You might have the most tricked-out grill on the block, the finest hardwood briquettes, and an arsenal of tongs and spatulas at the ready, but have you remembered the most important grilling tool of all? A meat thermometer is absolutely essential for safe and successful cookouts this Memorial Day weekend and all summer long. Here's why you need one, plus tips on which type to buy:
It takes the guesswork out of cooking anything—from beer-can chicken to pork shoulder to steak
"Meat is an investment," says master butcher Kari Underly, author of "The Art of Beef Cutting" (Wiley). And nothing ruins that investment like overcooking meat to the point of dryness. With a thermometer, you also won't risk undercooking the meat below the safe recommended temperature. A meat thermometer doesn't rely on sight, smell or touch. If you know the target temperature—145˚F for pork, fish and steaks cooked to medium, 160˚F for ground meat, and 165˚F for poultry—you'll end up with a perfectly done result every time.
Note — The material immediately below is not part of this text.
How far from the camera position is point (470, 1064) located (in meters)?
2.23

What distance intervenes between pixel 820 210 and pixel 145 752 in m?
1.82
You'll get an accurate measurement quickly
Digital meat thermometers improve on the old-fashioned analog version, which relies on a needle and a dial to relay temperature. The pinpoint accuracy of a digital version gives you an instant assessment of how close your meat is to being done. "The meat continues to cook even when it's off the heat or the grill's open, so the quicker you can take that temperature, the closer you are to a perfect steak," Underly says. "And if your steak or roast is thicker on one end than the other, you can test a couple of points to make sure it's completely cooked through." Underly loves the digital, professional-grade Thermapen for its lightning-fast accuracy, but there are a number of other quality digital options on the market.
You won't forget about what's on the grill
Probe thermometers have a thicker point than removable digital thermometers, and the rigid probe stays in the meat as it cooks; meanwhile, a heat-safe wire connects the probe with a base that stays outside the grill and beeps loudly when the meat reaches a preset temperature. The "set it and forget it" functionality of a probe thermometer ensures accuracy even when you're running around putting out (metaphorical) party-hosting fires. "This way, you're not constantly poking at the meat, and you can set a reminder a few degrees before the meat's done," Underly says. (Hint: This method is great for Thanksgiving turkeys, too.) Invest in a good-quality thermometer, and you'll thank yourself long after grilling season is over.